GIVEN $P(A)>0$ and $P(B)>0$.
If $A$ and $B$ are independent, then they cannot be mutually exclusive.
My proof:
Let $A$ and $B$ be two independent sets such that $\mathbb{P}(A)>0$ and $\mathbb{P}(B)>0 $. $$\Rightarrow \mathbb{P}(A\cap B)=\mathbb{P}(A)\mathbb{P}(B)>0$$ Now suppose that $A$ and $B$ are mutually exclusive, then $$\mathbb{P}(A\cap B)=\mathbb{P}(A)\mathbb{P}(B)=0$$ But this is a contradiction, as $\mathbb{P}(A)\mathbb{P}(B)>0$ by design. Hence $A$ and $B$ cannot be mutually exclusive.
If $A$ and $B$ are mutually exclusive, then they cannot be independent.
My proof:
Let $A$ and $B$ be two sets such that $\mathbb{P}(A)>0$ and $\mathbb{P}(B)>0 $. If $A$ and $B$ are mutually exclusive, then $$\mathbb{P}(A\cap B)=0$$ Now suppose $A$ and $B$ are independent, then $$\mathbb{P}(A\cap B)=\mathbb{P}(A)\mathbb{P}(B)=0$$ $$\Rightarrow \mathbb{P}(A)=0 \ \ \ \text{and/or} \ \ \ \mathbb{P}(B)=0$$ But this is a contradiction, as $\mathbb{P}(A)>0$ and $\mathbb{P}(B)>0$ by design.
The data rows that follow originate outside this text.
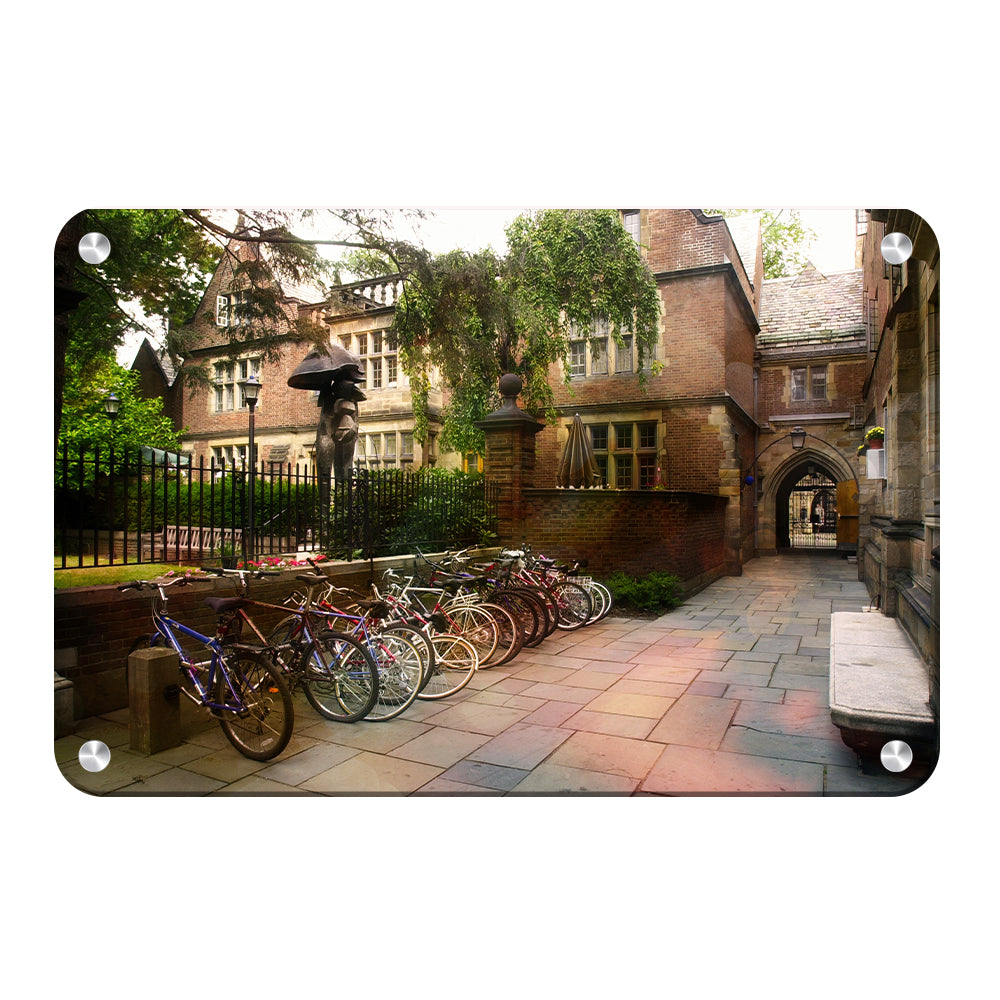 Yale Bulldogs - Bikes on Campus - College Wall Art #Canvas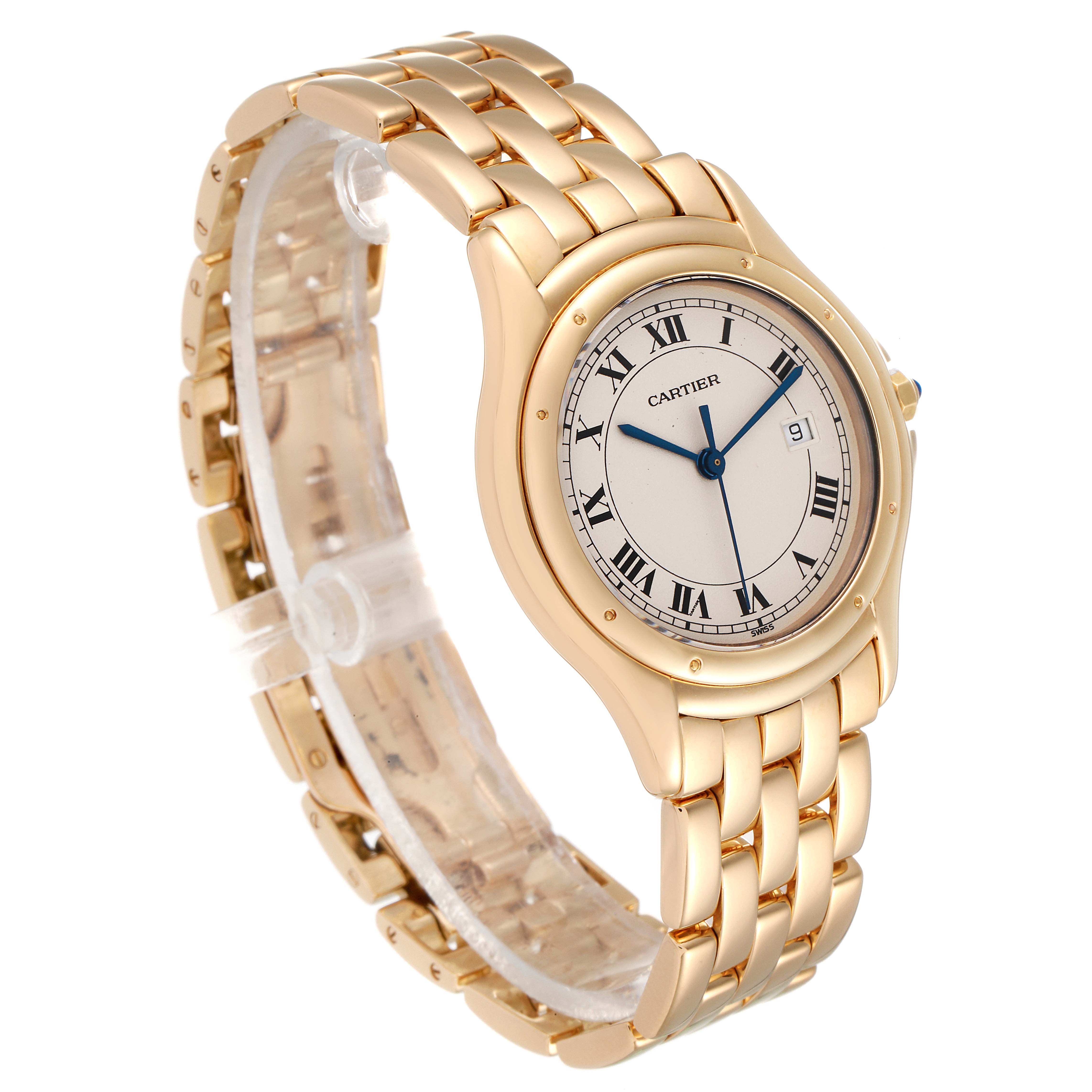 The image shows a side angle of a Cartier Panthere 887904 Men's Yellow Gold Silver Dial 887904 Men's Yellow Gold Silver Dial watch, highlighting its gold bracelet, round dial, and Roman numeral design.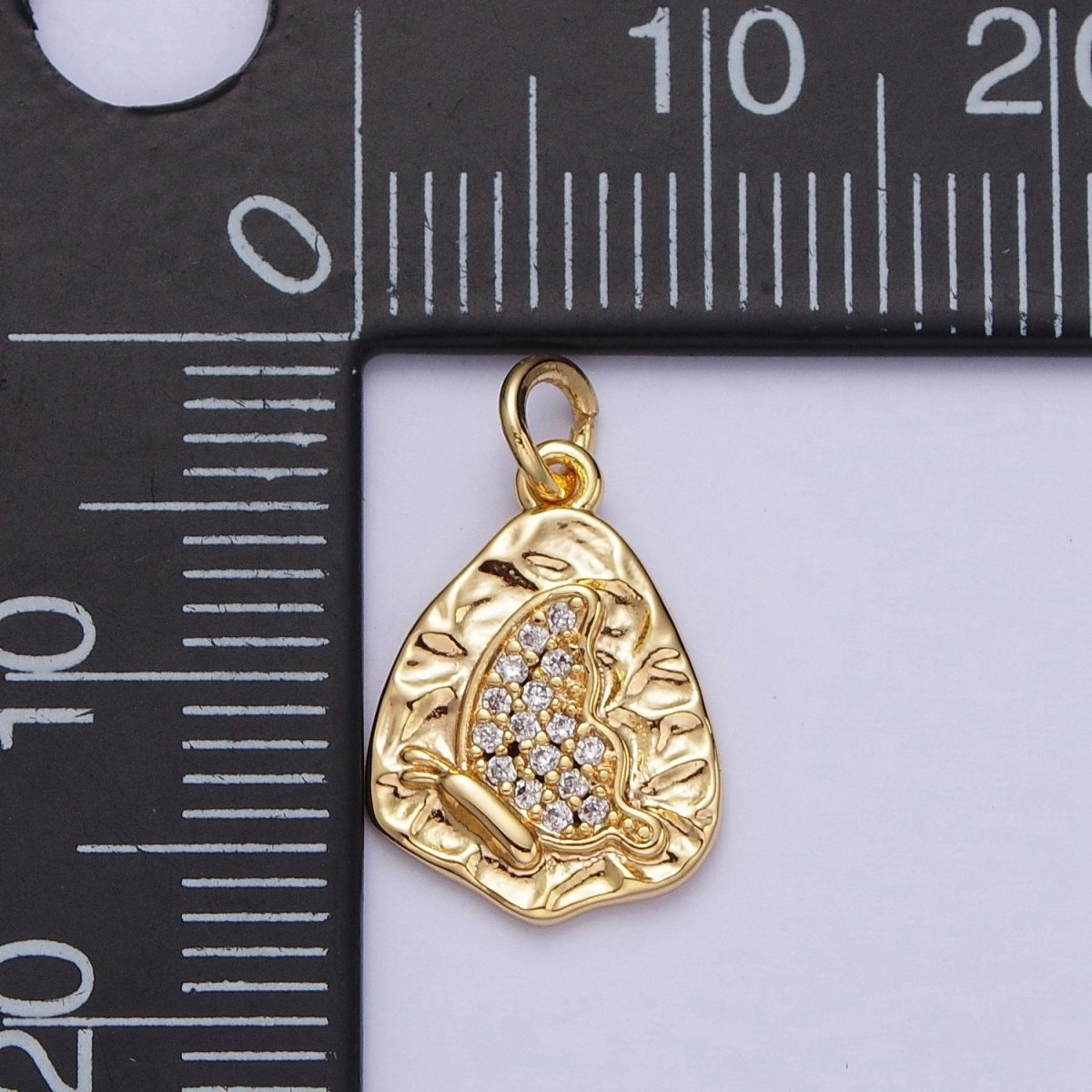 16K Gold Filled Micro Paved Butterfly Wings Hammered Charm | N-548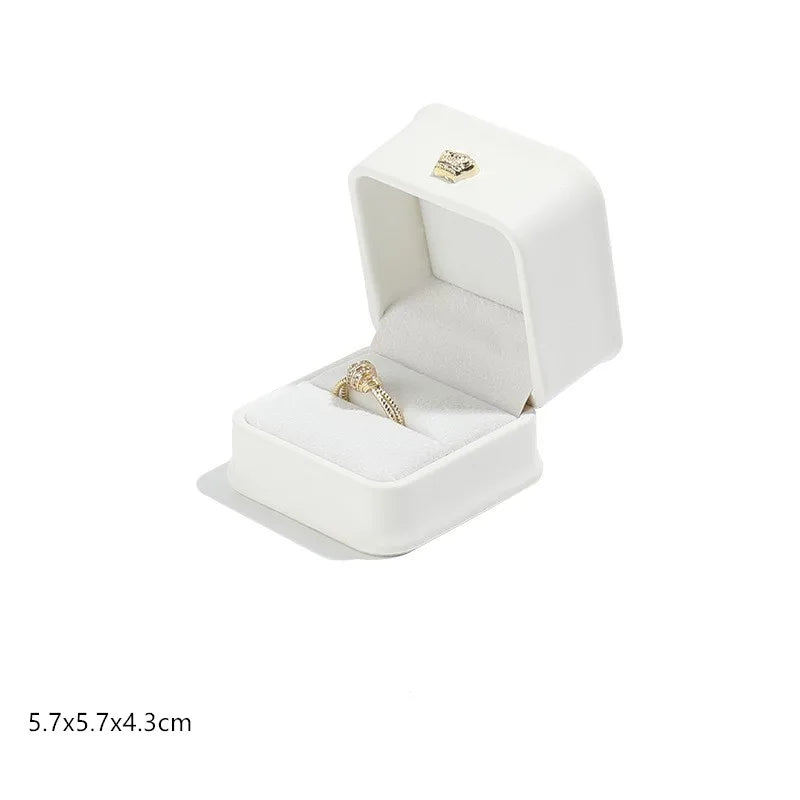 1 organizador de joyas de cuero, caja para anillos de boda, colgante, pulsera, collar, estuche de almacenamiento, embalaje de regalo, caja de exhibición al por mayor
Hence $A$ and $B$ cannot be independent.
Are these proofs correct? I have tried to make them simple, but are they too simple that they fail to prove each relevant statement?
The proofs are correct, but as a matter of style, I would recommend saying "Now suppose [...] by contradiction" to emphasize that you're doing a proof by contradiction.